No recurso, Wanderlei Barbosa teria protocolado o registro de sua candidatura às 19horas e 33 minutos do dia 23 de abril e sem as assinaturas e certidões dos candidatos. A documentação protocolada (conforme os recursos) foi repassada pelas grades do portão. E o RRC encontrava-se sem todas as assinaturas sendo a existente considerada falsa.

Disseminou-se que os advogados de Wanderlei e Carlesse teriam obtido senhas. Ora, se senhas submetessem prazos processuais, em plena vigência da Justiça Eletrônica, não haveria a necessidade de sua existência e ter-se-ia revogado o Código de Processo. Evidente que o TSE (que cassou Marcelo sem provas) pode ter a mesma tese.

Não há dúvidas de que a massa eleitoral do Estado está sendo levada, a prevalecerem os números que se divulga nas “pesquisas” eleitorais, ao imponderável. É um enfrentamento, intuo, baseado apenas nas possibilidades democráticas que no estado de direito. As democracias, entretanto, só funcionam quando há o respeito às leis. Nessa tese, o ex-presidente Lula não estaria preso e pronto para disputar a presidência novamente.

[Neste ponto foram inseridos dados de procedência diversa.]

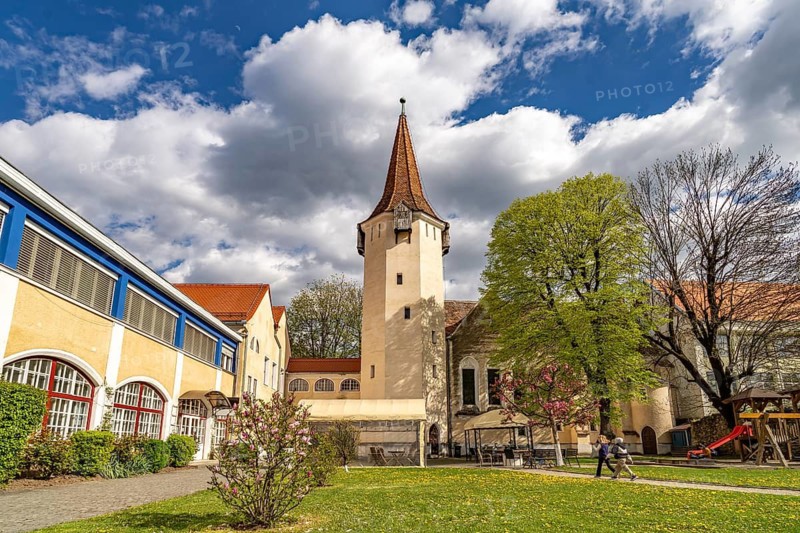 Tower of St. John's Church in Sibiu or Sibiu, Transylvania, Romania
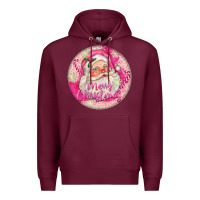 Burgundy Pink Merry Christmas Santa Premium Hoodie - FaDigitalArtStudio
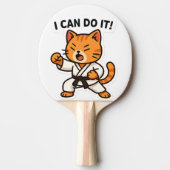Karate Cat Sticker Tafeltennisbatje (Voorkant)
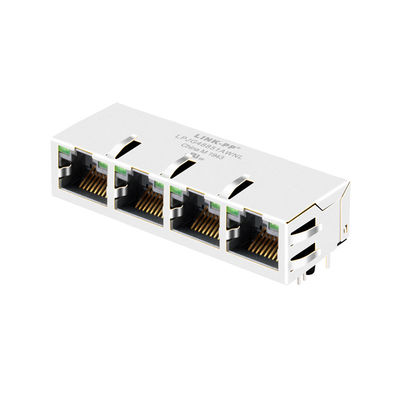 JG0-0026NL 100/1000 Base-T 1x4 พอร์ตตัวเชื่อมต่ออีเธอร์เน็ตอุตสาหกรรม Magnetic RJ45 Jack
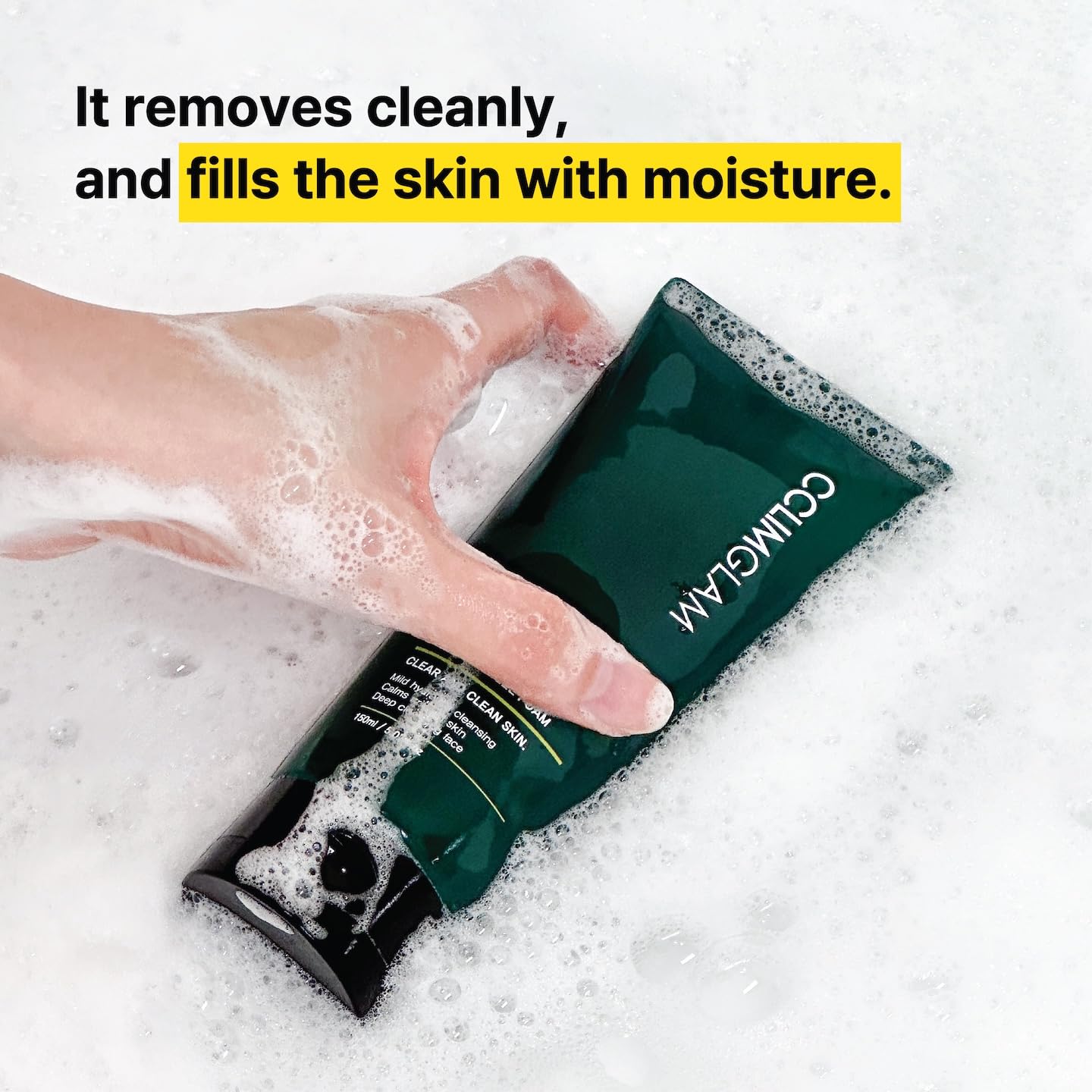 CCLIMGLAM CICA Regain Cleansing Gel Foam 150ml(5.07Fl.Oz), Vegan Mild Skin Barrier Cleanser for Sensitive, Pore and Sebum Care, Calming Soothing Effect, Clean Beauty, Korean Skin Care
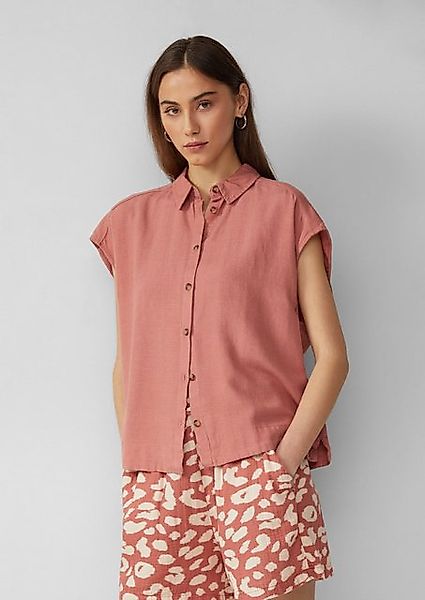 QS Kurzarmbluse Leinenmix-Bluse Waschung günstig online kaufen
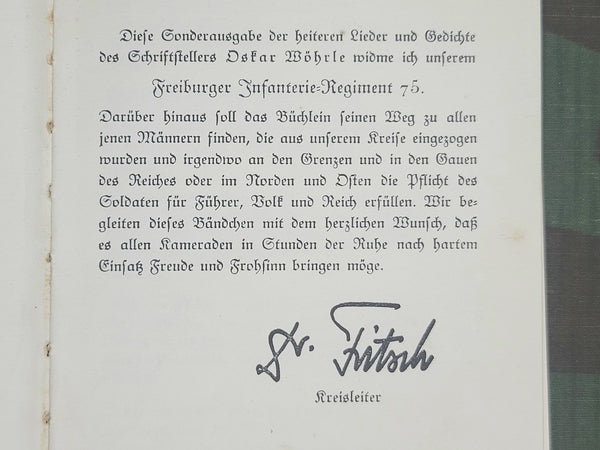 Lustig ist das Landserleben Soldiers Song Book Freiburger Infanterie-Regiment 75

Mauro Carlesse disputa o governo amanhã, quando o Ministério Público já informou que já teria praticado atos que ensejam sua cassação. Sob investigação da Polícia Federal (naqueles casos das emendas, pagamentos, transferências proibidas e descumprimento de decisão judicial) e, agora, a suposta fraude nas declarações de patrimônio. Isto aí, somado aos mais de 70 processos que responderia nas áreas cíveis e criminais, tem-se um arcabouço, ainda que se dê que processos não signifiquem que seja culpado.

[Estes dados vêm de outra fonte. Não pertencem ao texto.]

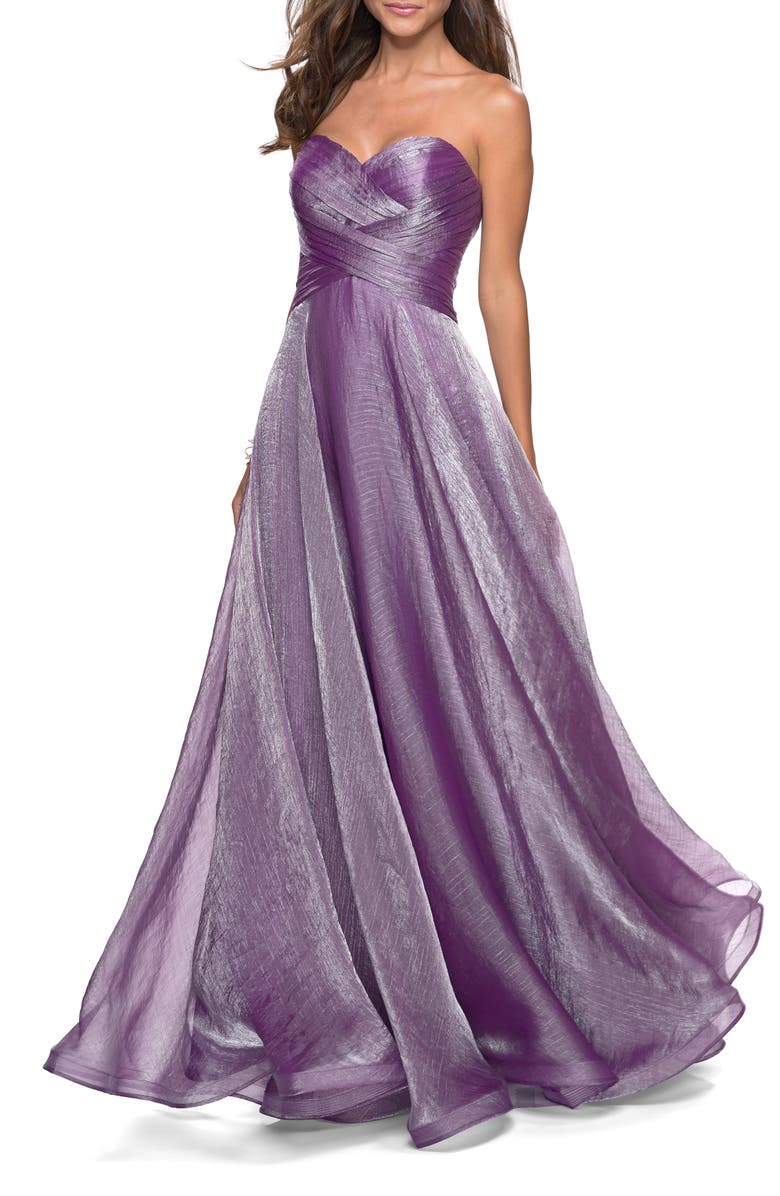 La Femme Strapless Chiffon Dress with Criss Cross Bodice Detail, Main, color, 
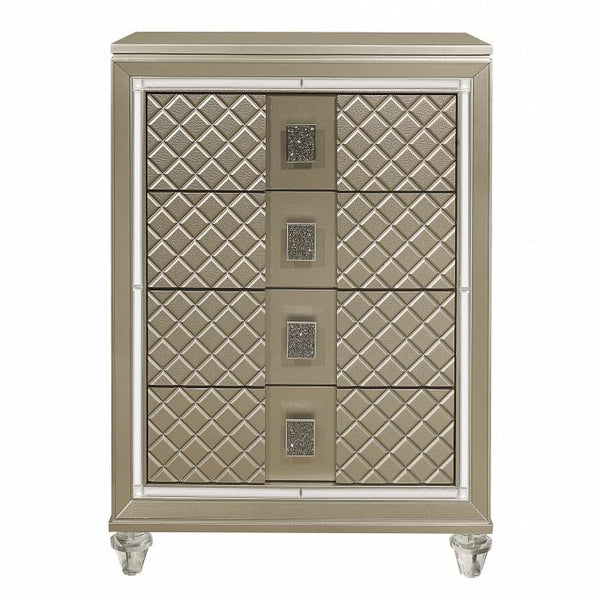 Youth Loudon 4 Drawer Chest in Champagne Metallic B1515-9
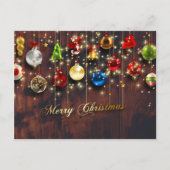 Weihnachtsschmuck & Schneeflocken Feiertagspostkarte (Vorderseite)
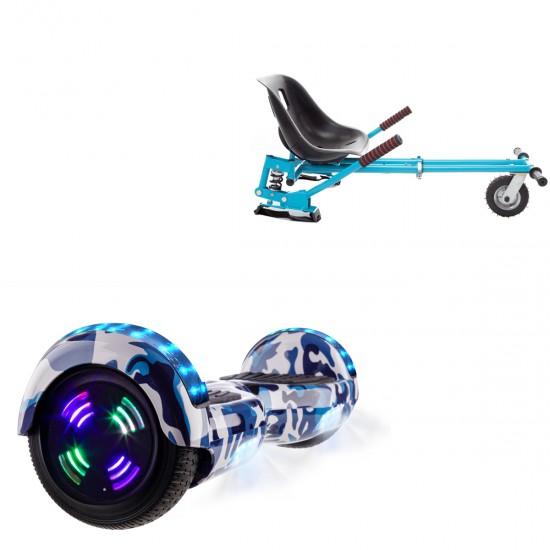 Elektromos Hoverboard GoKart Szett Lengéscsillapítókkal, 6.5 colos, Regular Camouflage Blue Junior, Standard Hatótávolság, Kék HoverKart Lengéscsillapítókkal, Smart Balance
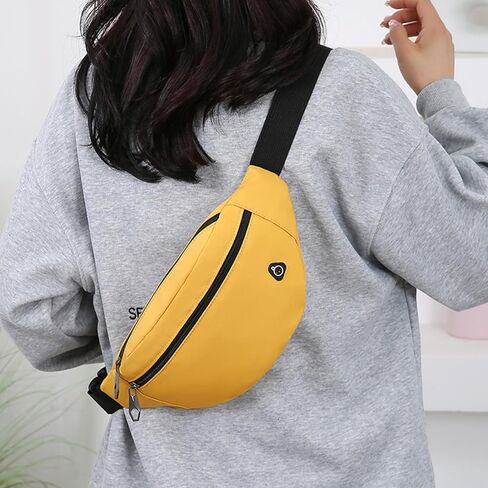 Oxford Fabric Polyester Waist Bag with Adjustable Strap Lightweight Fanny Pack for Travel and Outdoor Activities, Black in Saudi Arabia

O registro da candidatura do vice com 33 minutos fora do prazo (já havia perdido, portanto, o prazo) é só mais um codimento no vale-tudo eleitoral na sequência de desrespeito às leis, à moral e à ética que o grupo de Mauro Carlesse consegue, até aqui, convencer a população (pelo que se amplifica por deputados, ex-governadores com o mesmo referencial e lideranças políticas) de que não seriam vícios e sim virtudes. Um reacionarismo e retrocesso civilizatório.

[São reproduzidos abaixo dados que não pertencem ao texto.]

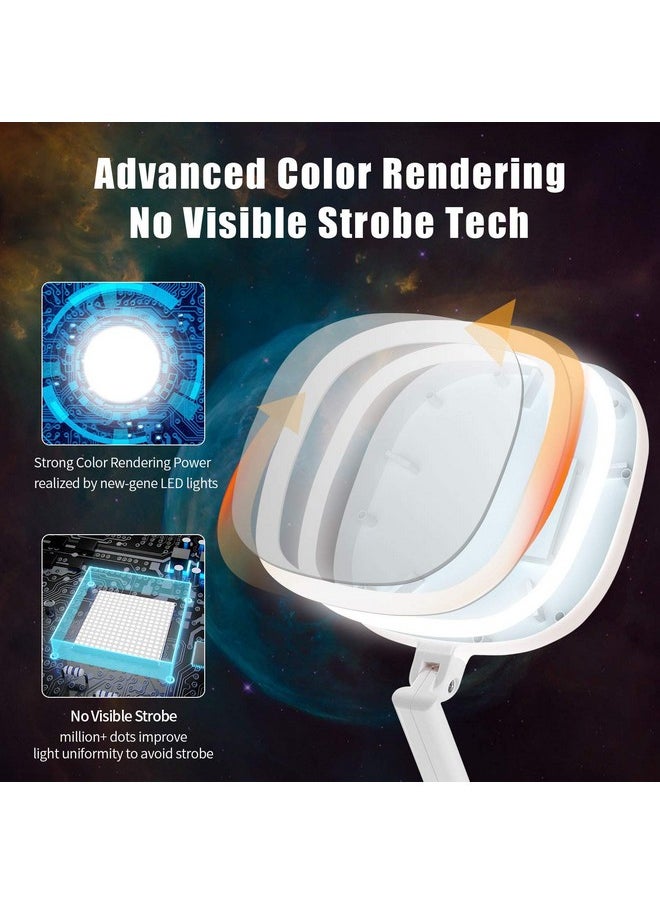 Beautifive Lighted Makeup Mirror 1X8X Double Sided Magnifying Mirror Vanity Mirror With Lights Smart Design With Brightness&Angle&Height Adjustability Folding Compact Mirror Led Mirror For Travel  - Image 3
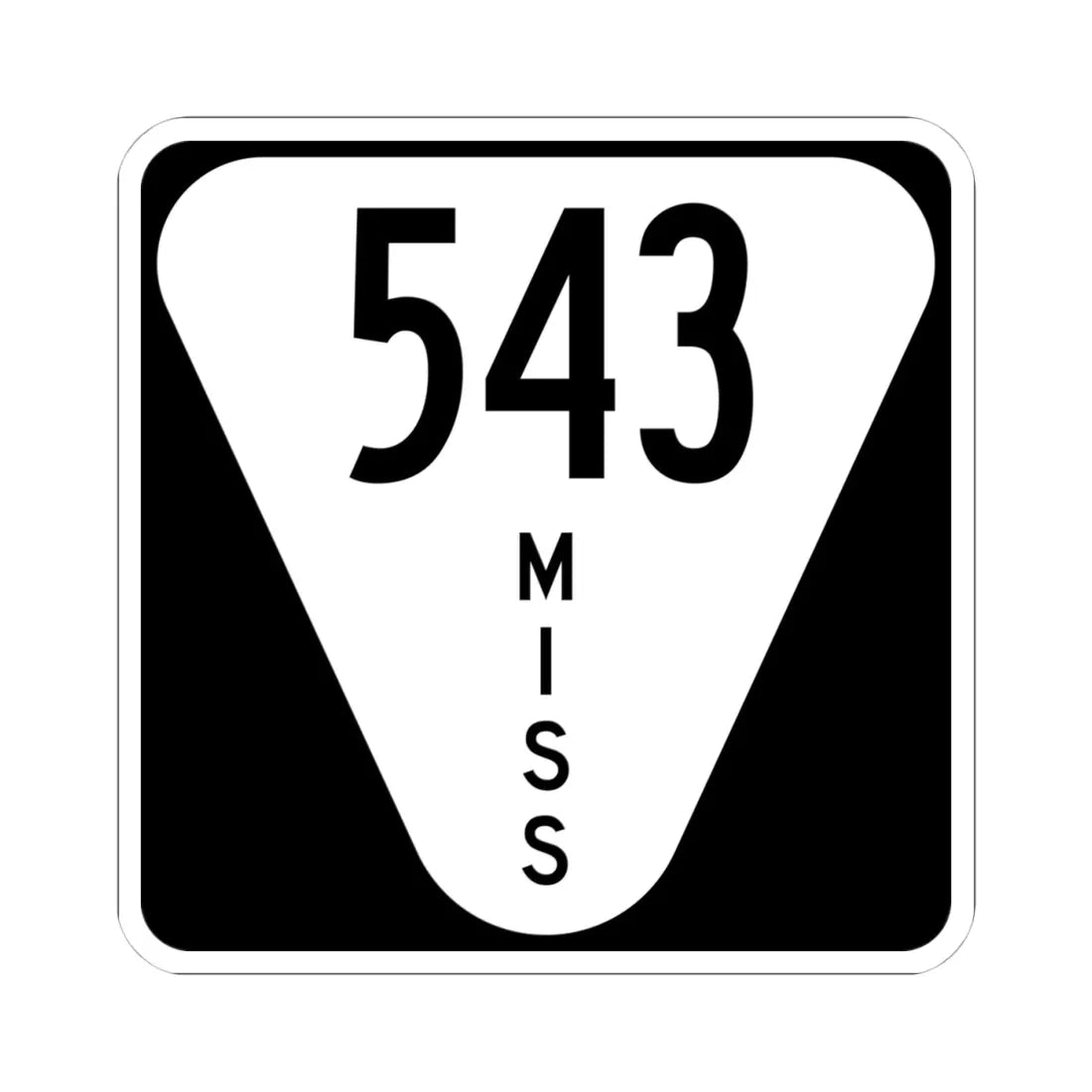 Mississippi 543 (Mississippi) (Road Sign) STICKER Vinyl Kiss-Cut Decal 4 Inch White - The Sticker Space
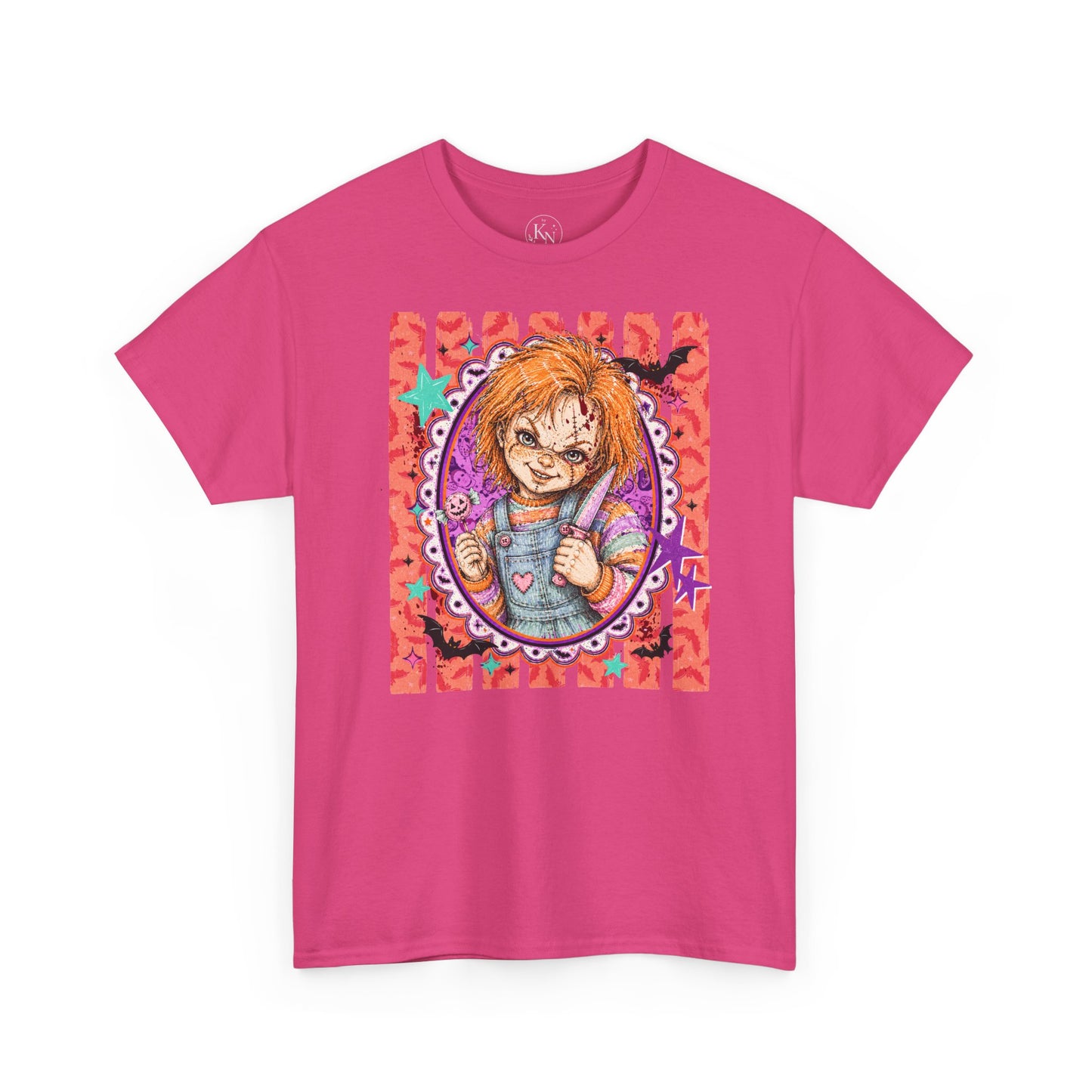 Chucky Portrait Tee — Colorful Spooky Horror Shirt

E pode também, se eleito, não tomar posse: caso o TSE decida por eliminar a candidatura do vice, sua chapa cai e com ela o mandato, dado a falta de prazo para substituição e a inexistência de candidato sem vice. Assumiria, no caso, o segundo colocado: o senador Vicentinho Alves, caso prevaleçam as tais “pesquisas” que nem sempre condizem com os fatos.